[](#openflamingo-9b-deprecated)OpenFlamingo-9B (Deprecated)
===========================================================

**This early checkpoint was part of an initial release. It has since been deprecated in favor of [other checkpoints](https://huggingface.co/openflamingo/OpenFlamingo-9B-vitl-mpt7b) as part of the OpenFlamingo v2 release. However, it is possible to continue using this older checkpoint in the new codebase.**

* * *

[Blog post](https://laion.ai/blog/open-flamingo/) | [Code](https://github.com/mlfoundations/open_flamingo) | [Demo](https://7164d2142d11.ngrok.app)

OpenFlamingo is an open source implementation of DeepMind's [Flamingo](https://www.deepmind.com/blog/tackling-multiple-tasks-with-a-single-visual-language-model) models.
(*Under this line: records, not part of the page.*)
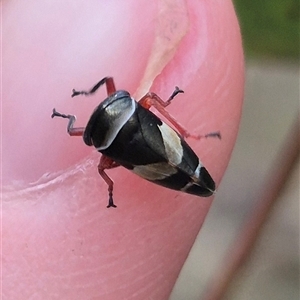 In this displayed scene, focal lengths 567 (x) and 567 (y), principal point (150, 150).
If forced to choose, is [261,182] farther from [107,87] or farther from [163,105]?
[107,87]

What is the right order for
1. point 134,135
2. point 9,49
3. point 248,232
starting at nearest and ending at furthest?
1. point 134,135
2. point 9,49
3. point 248,232

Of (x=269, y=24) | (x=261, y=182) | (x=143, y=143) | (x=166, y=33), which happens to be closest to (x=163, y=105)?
(x=143, y=143)

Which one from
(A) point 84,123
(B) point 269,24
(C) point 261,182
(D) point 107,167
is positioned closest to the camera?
(D) point 107,167

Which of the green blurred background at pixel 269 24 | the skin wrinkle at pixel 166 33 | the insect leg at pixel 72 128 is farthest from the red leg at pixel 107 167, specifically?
the green blurred background at pixel 269 24

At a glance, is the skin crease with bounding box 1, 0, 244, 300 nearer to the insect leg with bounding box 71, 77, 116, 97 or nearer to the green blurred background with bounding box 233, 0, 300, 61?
the insect leg with bounding box 71, 77, 116, 97

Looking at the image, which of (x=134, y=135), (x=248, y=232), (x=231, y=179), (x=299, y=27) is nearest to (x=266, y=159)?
(x=231, y=179)

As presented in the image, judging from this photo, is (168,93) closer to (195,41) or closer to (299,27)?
(195,41)

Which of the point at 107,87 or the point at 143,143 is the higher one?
the point at 107,87

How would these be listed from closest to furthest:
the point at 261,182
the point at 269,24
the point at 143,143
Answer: the point at 143,143, the point at 269,24, the point at 261,182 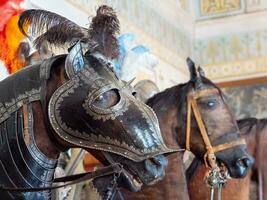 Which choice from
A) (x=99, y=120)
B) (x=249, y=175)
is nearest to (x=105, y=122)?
(x=99, y=120)

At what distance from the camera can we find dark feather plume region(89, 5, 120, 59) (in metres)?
1.63

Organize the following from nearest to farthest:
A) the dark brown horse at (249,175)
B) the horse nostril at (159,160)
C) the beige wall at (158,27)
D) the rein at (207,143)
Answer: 1. the horse nostril at (159,160)
2. the rein at (207,143)
3. the dark brown horse at (249,175)
4. the beige wall at (158,27)

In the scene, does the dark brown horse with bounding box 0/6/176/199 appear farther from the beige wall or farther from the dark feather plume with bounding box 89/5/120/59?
the beige wall

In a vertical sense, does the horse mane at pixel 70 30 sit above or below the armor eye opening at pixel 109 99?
above

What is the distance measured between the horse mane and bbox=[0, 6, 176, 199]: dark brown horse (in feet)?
0.29

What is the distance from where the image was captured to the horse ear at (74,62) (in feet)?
4.98

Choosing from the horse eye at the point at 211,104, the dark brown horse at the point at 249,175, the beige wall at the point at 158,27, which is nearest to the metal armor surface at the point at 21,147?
the horse eye at the point at 211,104

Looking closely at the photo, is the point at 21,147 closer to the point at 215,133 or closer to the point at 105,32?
the point at 105,32

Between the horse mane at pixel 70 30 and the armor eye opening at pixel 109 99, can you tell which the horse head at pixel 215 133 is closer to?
the horse mane at pixel 70 30

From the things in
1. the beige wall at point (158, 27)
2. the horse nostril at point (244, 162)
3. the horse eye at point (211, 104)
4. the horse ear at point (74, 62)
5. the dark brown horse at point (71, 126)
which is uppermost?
A: the horse ear at point (74, 62)


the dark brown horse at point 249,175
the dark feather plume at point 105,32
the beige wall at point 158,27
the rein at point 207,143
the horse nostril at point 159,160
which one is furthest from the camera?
the beige wall at point 158,27

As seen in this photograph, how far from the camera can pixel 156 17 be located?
557 centimetres

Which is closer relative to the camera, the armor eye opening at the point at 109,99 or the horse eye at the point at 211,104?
the armor eye opening at the point at 109,99

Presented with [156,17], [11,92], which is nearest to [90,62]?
[11,92] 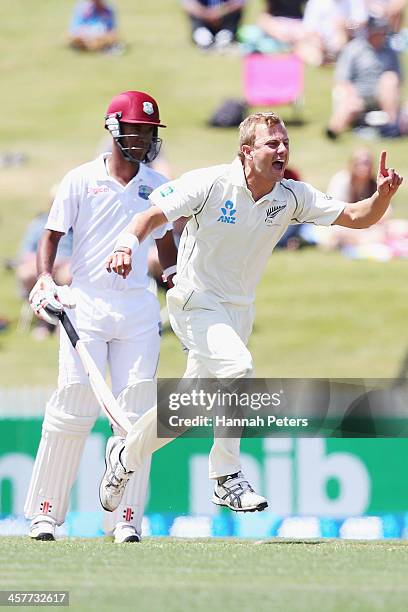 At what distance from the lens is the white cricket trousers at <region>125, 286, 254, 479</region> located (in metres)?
6.23

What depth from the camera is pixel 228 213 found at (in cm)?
634

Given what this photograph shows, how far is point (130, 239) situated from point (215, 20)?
12.2 metres

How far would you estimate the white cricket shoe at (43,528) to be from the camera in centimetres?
691

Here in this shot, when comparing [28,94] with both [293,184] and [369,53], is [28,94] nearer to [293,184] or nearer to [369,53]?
[369,53]

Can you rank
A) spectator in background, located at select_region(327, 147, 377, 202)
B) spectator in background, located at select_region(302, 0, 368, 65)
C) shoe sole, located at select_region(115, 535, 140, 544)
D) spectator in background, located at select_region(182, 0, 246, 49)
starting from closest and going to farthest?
shoe sole, located at select_region(115, 535, 140, 544) → spectator in background, located at select_region(327, 147, 377, 202) → spectator in background, located at select_region(302, 0, 368, 65) → spectator in background, located at select_region(182, 0, 246, 49)

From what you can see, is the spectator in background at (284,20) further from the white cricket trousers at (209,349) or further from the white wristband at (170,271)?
the white cricket trousers at (209,349)

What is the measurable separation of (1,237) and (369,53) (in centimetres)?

OpenFlamingo-9B is built off of [CLIP ViT-L/14](https://huggingface.co/openai/clip-vit-large-patch14) and [LLaMA-7B](https://ai.facebook.com/blog/large-language-model-llama-meta-ai/). Before using this model please familiarize yourself with our [terms and conditions](https://github.com/mlfoundations/open_flamingo/blob/main/TERMS_AND_CONDITIONS.md).

[](#model-details)Model Details
-------------------------------

We freeze the pretrained vision encoder and language model, and then we train connecting Perceiver modules and cross-attention layers, following the original Flamingo paper.

Our training data is a mixture of [LAION 2B](https://huggingface.co/datasets/laion/laion2B-en) and a large interleaved image-text dataset called Multimodal C4, which will be released soon.

The current model is an early checkpoint of an ongoing effort. This checkpoint has seen 5 million interleaved image-text examples from Multimodal C4.

[](#uses)Uses
-------------

OpenFlamingo-9B is intended to be used **for academic research purposes only.** Commercial use is prohibited, in line with LLaMA's non-commercial license.

### [](#bias-risks-and-limitations)Bias, Risks, and Limitations

This model may generate inaccurate or offensive outputs, reflecting biases in its training data and pretrained priors.

In an effort to mitigate current potential biases and harms, we have deployed a content filter on model outputs in the OpenFlamingo demo. We continue to red-team the model to understand and improve its safety.

[](#evaluation)Evaluation
-------------------------

We've evaluated this checkpoint and report validation performance for two vision-language tasks: COCO captioning and VQAv2. Results are displayed below.

**COCO (CIDEr)**

0-shot

4-shot

8-shot

16-shot

32-shot

65.52

74.28

79.26

81.84

84.52

**VQAv2 (VQA accuracy)**

0-shot

4-shot

8-shot

16-shot

32-shot

43.55

44.05

47.5

48.87

50.34

## Model overview

The `OpenFlamingo-9B-deprecated` model is an open-source implementation of DeepMind's Flamingo models, built on top of the CLIP ViT-L/14 vision encoder and LLaMA-7B language model. As an early checkpoint in the ongoing development of OpenFlamingo, this model has been trained on a mixture of the LAION 2B and Multimodal C4 datasets. While this model has since been deprecated in favor of newer checkpoints, it is still possible to use it within the OpenFlamingo codebase.

## Model inputs and outputs

### Inputs
- Images and text prompts

### Outputs
- Image-conditioned text generation
- Visual question answering

## Capabilities

The `OpenFlamingo-9B-deprecated` model is capable of performing various vision-language tasks, such as image captioning and visual question answering. It has shown promising results on the COCO captioning and VQAv2 datasets, with performance improving as the number of few-shot examples increases.

## What can I use it for?

The `OpenFlamingo-9B-deprecated` model is intended for academic research purposes only and its commercial use is prohibited, in line with the LLaMA non-commercial license. Potential use cases include exploring multimodal AI systems, testing new vision-language architectures, and developing novel applications that combine computer vision and language understanding.

## Things to try

Researchers can experiment with fine-tuning the model on specialized datasets or tasks, or use it as a starting point for developing new vision-language models. The model's performance can also be further analyzed and compared to other state-of-the-art approaches in the field of multimodal AI.